▶ Problem description
Exactly the line with "Used 2023 Genesis" and the lines that follow it, through the closing line of the entries, should be restated, with nothing left out or added.
+++++
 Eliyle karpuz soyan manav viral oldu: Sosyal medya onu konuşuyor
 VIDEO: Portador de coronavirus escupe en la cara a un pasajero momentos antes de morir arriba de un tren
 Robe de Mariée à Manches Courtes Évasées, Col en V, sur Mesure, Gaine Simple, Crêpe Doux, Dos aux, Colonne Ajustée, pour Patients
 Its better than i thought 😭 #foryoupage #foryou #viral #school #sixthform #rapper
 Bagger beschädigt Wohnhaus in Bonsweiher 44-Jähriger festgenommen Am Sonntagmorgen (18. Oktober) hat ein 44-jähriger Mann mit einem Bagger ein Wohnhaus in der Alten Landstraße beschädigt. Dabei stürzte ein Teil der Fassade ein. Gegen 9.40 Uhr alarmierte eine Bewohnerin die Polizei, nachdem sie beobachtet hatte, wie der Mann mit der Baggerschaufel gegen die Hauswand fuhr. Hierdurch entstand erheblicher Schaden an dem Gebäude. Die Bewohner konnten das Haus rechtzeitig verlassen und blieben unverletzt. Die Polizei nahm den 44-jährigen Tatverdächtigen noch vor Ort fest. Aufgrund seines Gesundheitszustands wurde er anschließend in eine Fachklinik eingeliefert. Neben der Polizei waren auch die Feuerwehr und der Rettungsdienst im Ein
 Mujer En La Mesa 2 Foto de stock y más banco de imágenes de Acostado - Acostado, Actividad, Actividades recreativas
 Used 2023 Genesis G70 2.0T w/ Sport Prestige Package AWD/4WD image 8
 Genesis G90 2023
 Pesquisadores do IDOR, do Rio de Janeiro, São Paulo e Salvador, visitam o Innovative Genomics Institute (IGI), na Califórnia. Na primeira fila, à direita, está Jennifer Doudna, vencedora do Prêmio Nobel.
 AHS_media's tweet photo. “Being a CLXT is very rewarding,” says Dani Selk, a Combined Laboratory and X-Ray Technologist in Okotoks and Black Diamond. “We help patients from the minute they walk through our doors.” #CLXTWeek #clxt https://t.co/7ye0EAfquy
+++++
▶ Reply
 Used 2023 Genesis G70 2.0T w/ Sport Prestige Package AWD/4WD image 8
 Genesis G90 2023
 Pesquisadores do IDOR, do Rio de Janeiro, São Paulo e Salvador, visitam o Innovative Genomics Institute (IGI), na Califórnia. Na primeira fila, à direita, está Jennifer Doudna, vencedora do Prêmio Nobel.
 AHS_media's tweet photo. “Being a CLXT is very rewarding,” says Dani Selk, a Combined Laboratory and X-Ray Technologist in Okotoks and Black Diamond. “We help patients from the minute they walk through our doors.” #CLXTWeek #clxt https://t.co/7ye0EAfquy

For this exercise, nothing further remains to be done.